How can the metaphor explain instincts? Instincts, if interpreted broadly, are the non-reflected ripples in the ocean of Mind. As such, instincts are the experiences of unfolded consciousness. All the ripples propagating through non-folded segments of the ocean of Mind are conscious experiences unaccompanied by self-awareness. In other words, these are true experiences of the one Subject, but the Subject is not aware that It is having these experiences; these are perceptions perceived, feelings felt, but not known to be perceived or felt. As such, what is unique about instinctual experiences is that they are not themselves objects of thought, the way experiences in folded consciousness are. Note that this notion equates instincts to the unconscious, which is not very far from the position held by Jungian psychology.
What if there were no ripples? Then there would be Mind, but without experiences. There would still be a Subject, but the Subject would 'live' in a bottomless abyss of nothingness; a great void. I don't mean this in a negative way, but am simply following the logical implications of the metaphor. Note that, if this is true, then the underlying 'medium' of existence is fundamentally emptiness. Experiences are simply disturbances on this 'medium' of emptiness; 'emptiness dancing,' if you will (when I arrived at this conclusion, I finally truly understood what Adyashanti meant with the tittle of his book).

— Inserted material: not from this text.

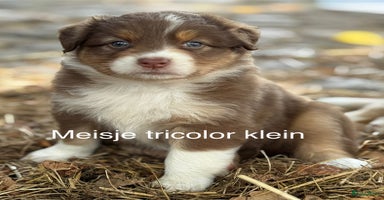 Australian Shepherd honden - Advertentie 15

So where is Nature going with it all? Perhaps these local coils of self-reflecting Mind that we call people, animals, and other conscious entities represent the current status of a teleological process in Nature whose ultimate goal may be the formation of one single 'cosmic coil' wherein all ripples in the ocean of Mind will be amplified in a self-aware manner. Perhaps nature is an evolutionary laboratory wherein Mind is experimenting, trying to iteratively find a solution to a problem that itself has not been articulated; the answer to a question that is itself intuited, but not yet known.